> [WHAT TO WORK ON]
Your copy should start at the line with "Ask Ganguly what" and end at the line with "Hyundai And Kia" in the data below. Transcribe only those lines, exactly, pictures excluded.

> [THE DATA]
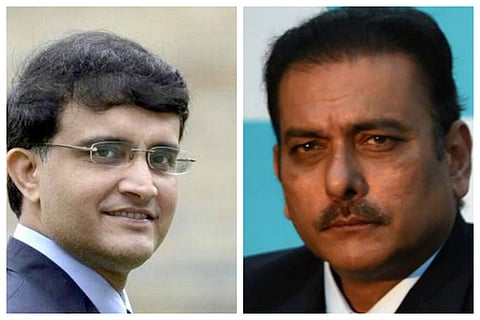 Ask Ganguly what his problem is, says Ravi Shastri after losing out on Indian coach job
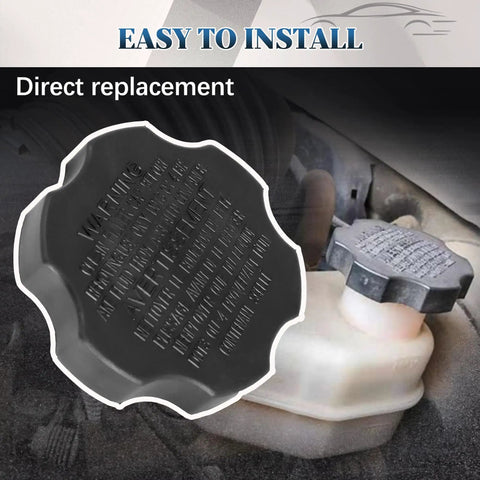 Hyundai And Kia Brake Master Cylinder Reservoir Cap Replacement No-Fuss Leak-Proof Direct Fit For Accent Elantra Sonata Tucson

==

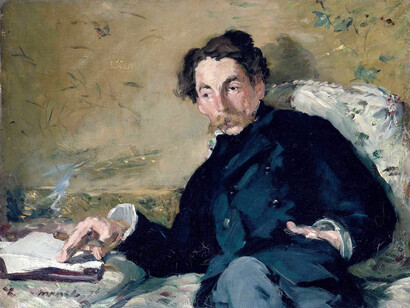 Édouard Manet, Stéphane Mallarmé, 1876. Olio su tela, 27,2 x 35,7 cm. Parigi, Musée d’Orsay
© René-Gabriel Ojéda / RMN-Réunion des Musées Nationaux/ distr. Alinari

--

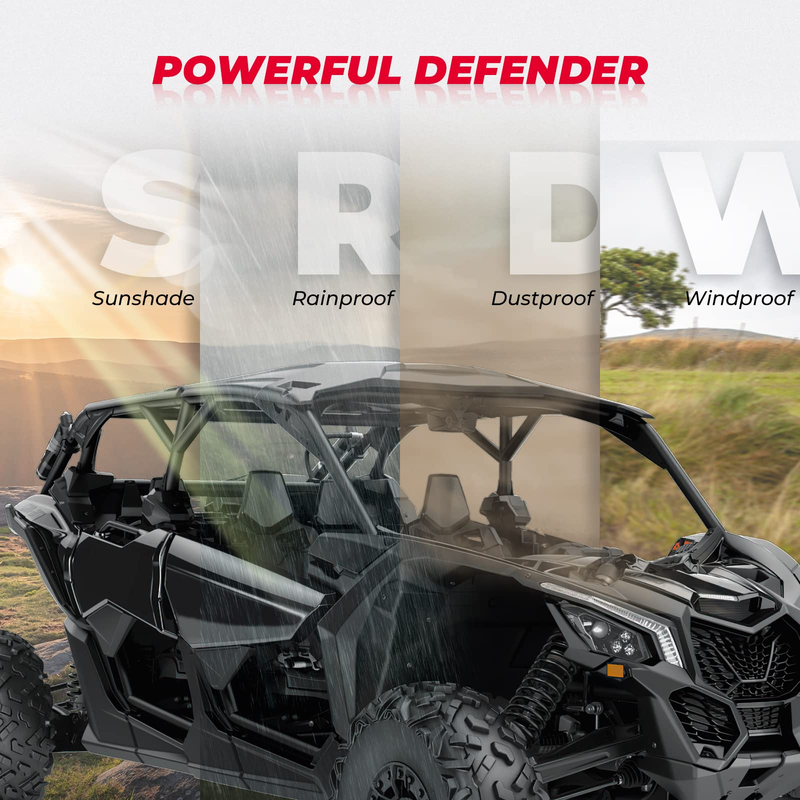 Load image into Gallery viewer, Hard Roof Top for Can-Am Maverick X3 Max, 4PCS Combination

> [TASK SOLUTION]
 Ask Ganguly what his problem is, says Ravi Shastri after losing out on Indian coach job
 Hyundai And Kia Brake Master Cylinder Reservoir Cap Replacement No-Fuss Leak-Proof Direct Fit For Accent Elantra Sonata Tucson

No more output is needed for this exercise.